_DATA SUPPLIED:_
┌──

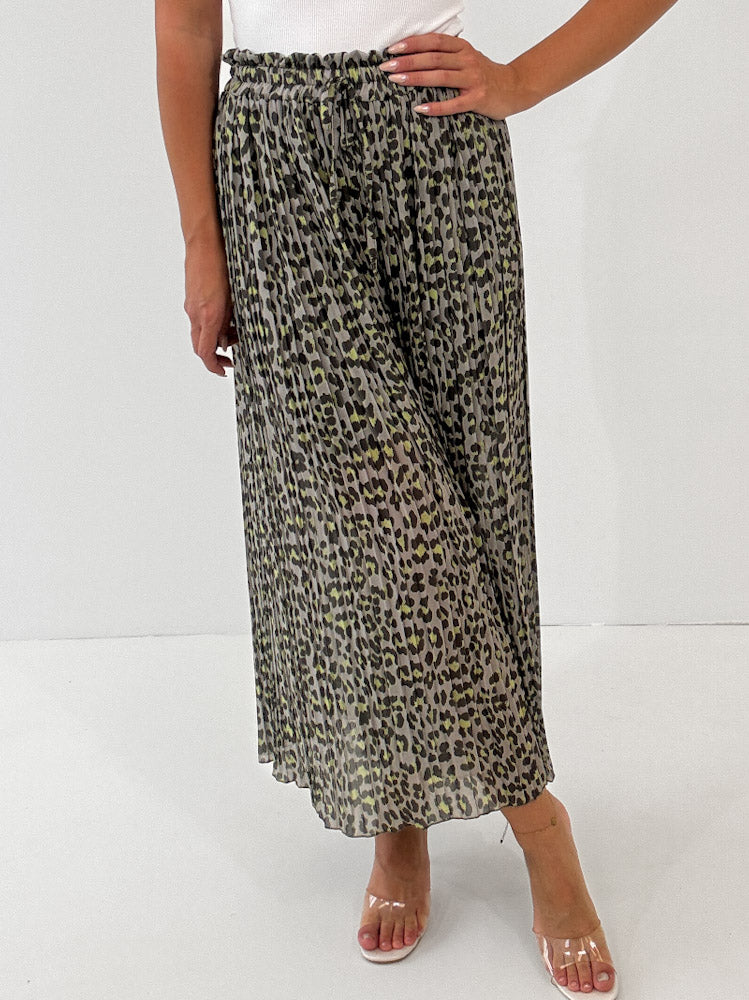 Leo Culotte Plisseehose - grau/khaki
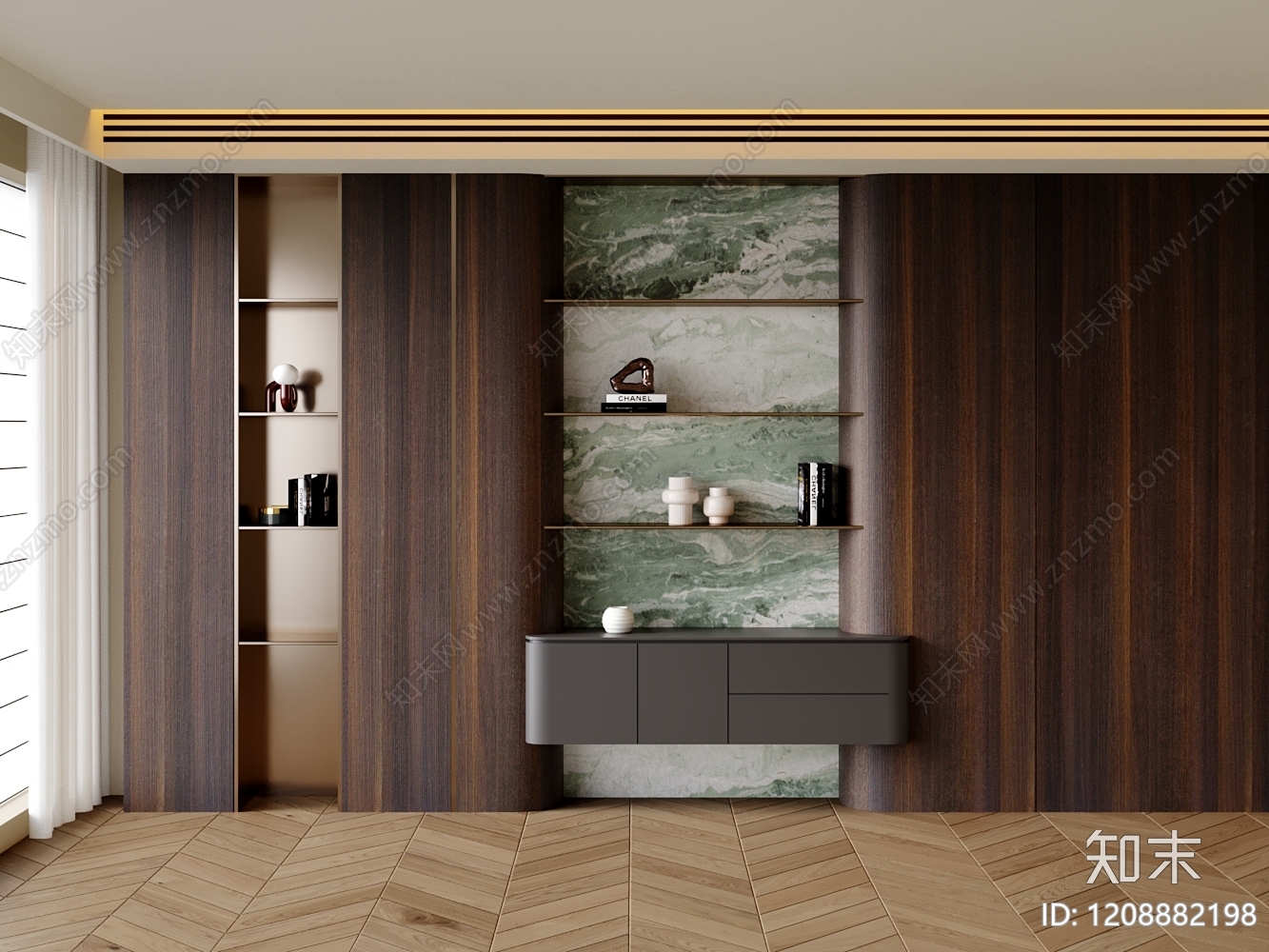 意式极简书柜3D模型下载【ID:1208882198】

└──
┌──

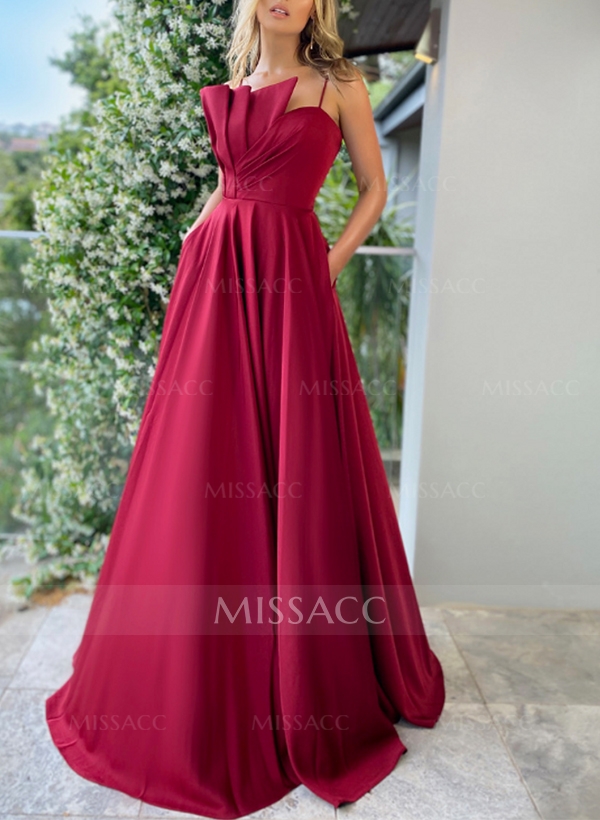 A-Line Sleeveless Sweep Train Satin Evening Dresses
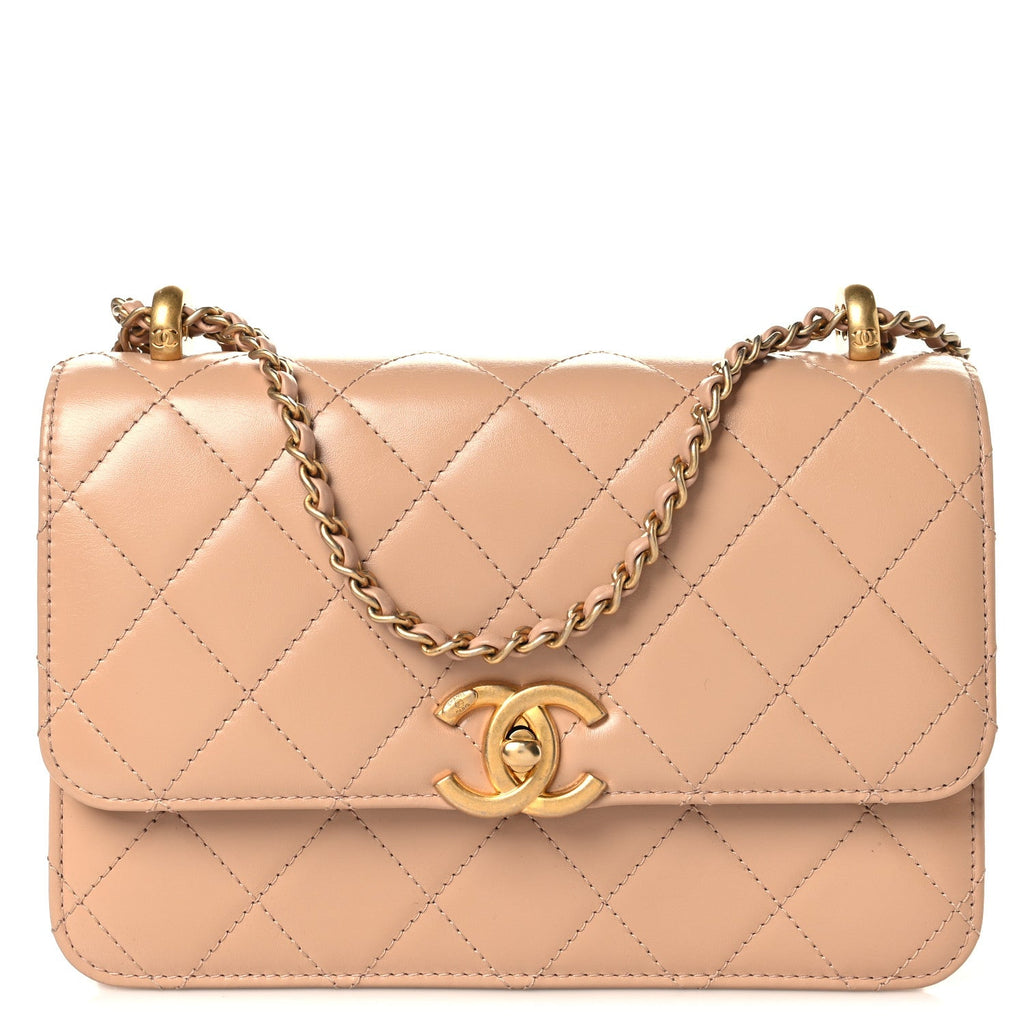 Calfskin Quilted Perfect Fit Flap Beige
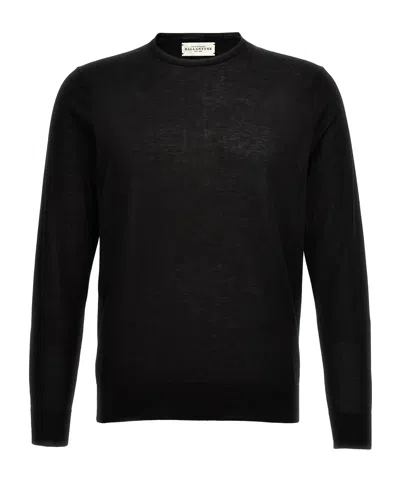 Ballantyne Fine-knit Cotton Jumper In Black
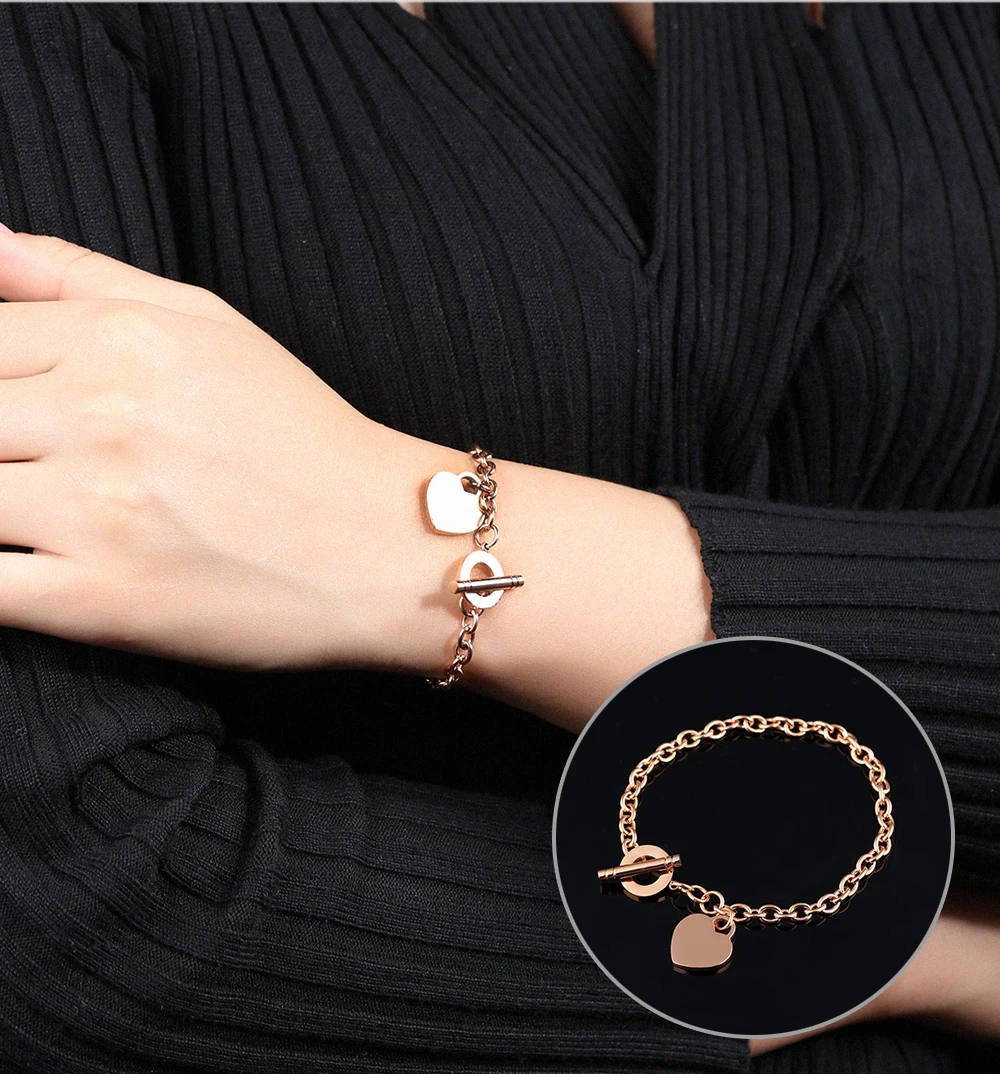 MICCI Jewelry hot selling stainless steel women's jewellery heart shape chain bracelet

└──
┌──

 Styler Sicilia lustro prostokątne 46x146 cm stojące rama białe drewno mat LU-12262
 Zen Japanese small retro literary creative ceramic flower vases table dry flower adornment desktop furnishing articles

└──

_TASK REQUIREMENTS:_
Return exactly the lines above, from the one with "Leo Culotte Plisseehose - grau/khaki" up to and including the one with "意式极简书柜3D模型下载【ID:1208882198】", and include no pictures.

_RESPONSE AREA:_
 Leo Culotte Plisseehose - grau/khaki
 意式极简书柜3D模型下载【ID:1208882198】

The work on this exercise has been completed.